- _Task statement_
Every line from the one containing "Rutschfester Griff Durian-Öffner" to the end of the records below must be copied exactly, and no pictures may be included.

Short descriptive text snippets
+---+

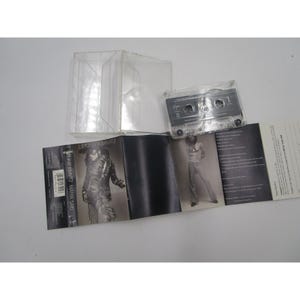 Lenny Kravitz &quot;Mama Said&quot; Cassette Album 1991 Promo Copy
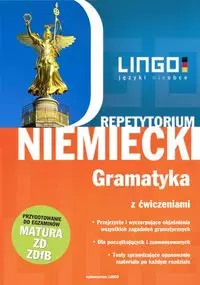 Niemiecki Gramatyka z ćwiczeniami - Książki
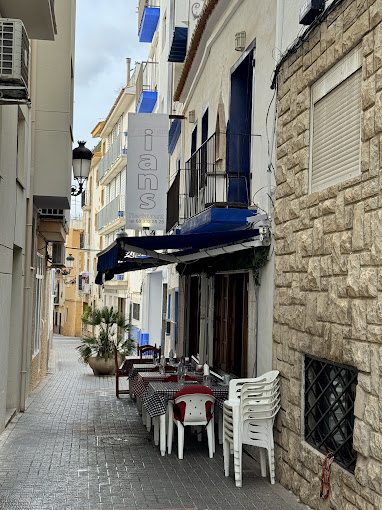 Ians Restaurant 7
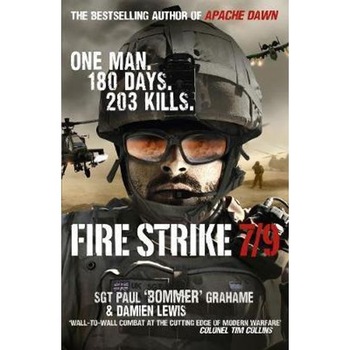 Fire Strike 7/9 - Paul Grahame, Damien Lewis Fire Strike 7/9 - Paul Grahame, Damien Lewis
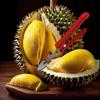Rutschfester Griff Durian-Öffner Arbeitssparender Wassermelonenschalen-Öffner Obst-Teilungszange Für den Heimgebrauch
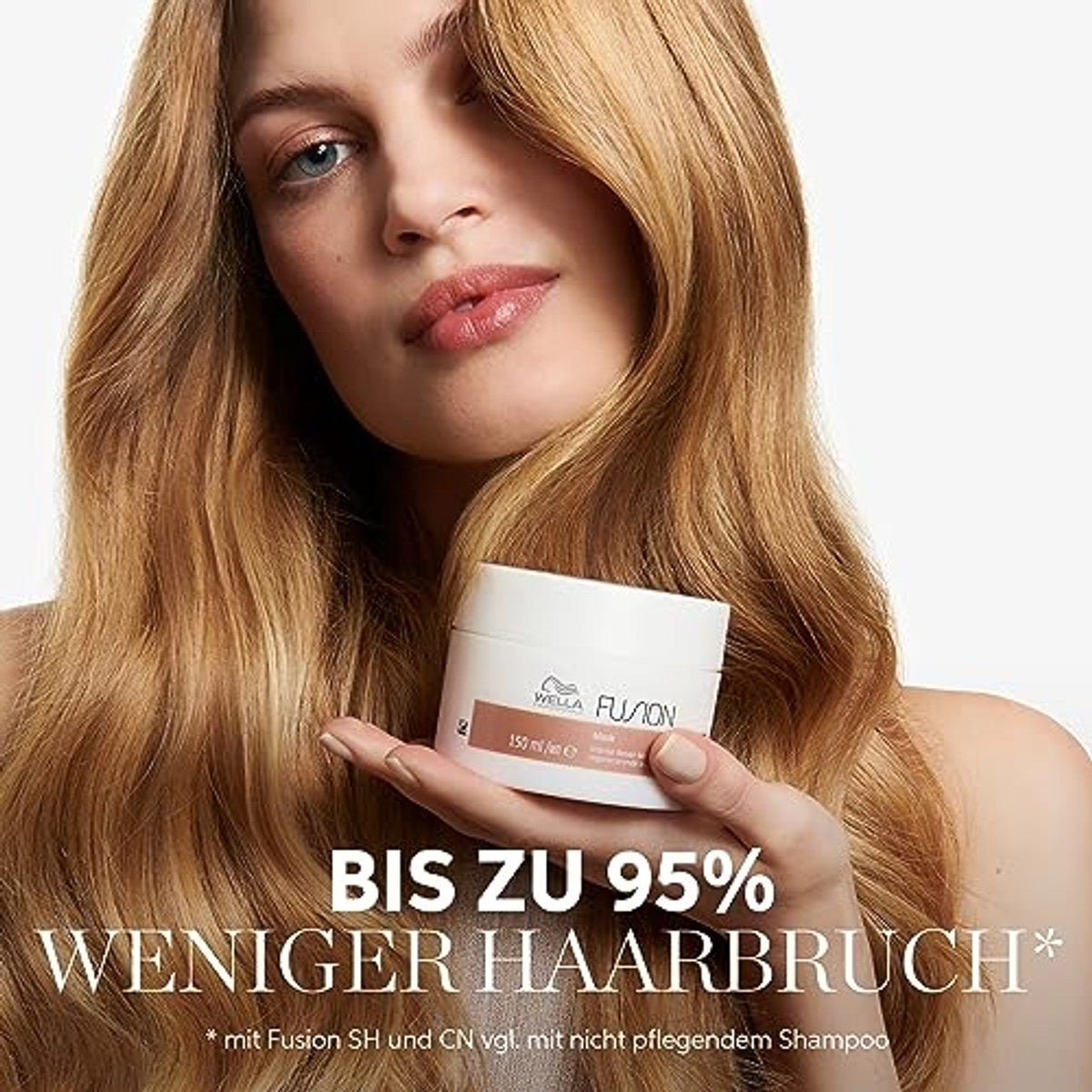 Wella Professionals Fusion Intense Repair Mask 150 ml – foto 4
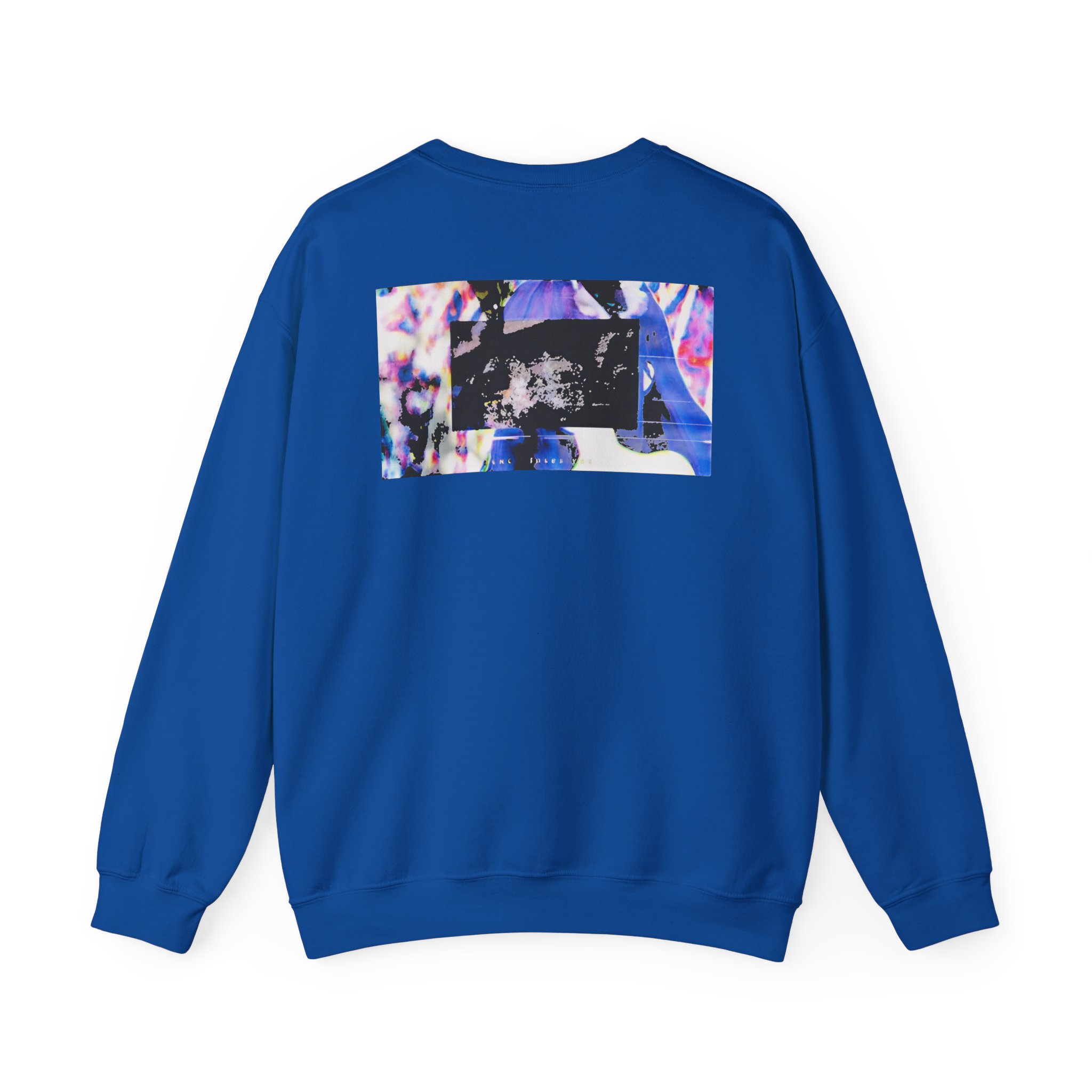 Sewerslvt Jvnko Loves You Unisex Heavy Blendâ„¢ Crewneck Sweatshirt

+---+

- _Response for this exercise_
Rutschfester Griff Durian-Öffner Arbeitssparender Wassermelonenschalen-Öffner Obst-Teilungszange Für den Heimgebrauch
 Wella Professionals Fusion Intense Repair Mask 150 ml – foto 4
 Sewerslvt Jvnko Loves You Unisex Heavy Blendâ„¢ Crewneck Sweatshirt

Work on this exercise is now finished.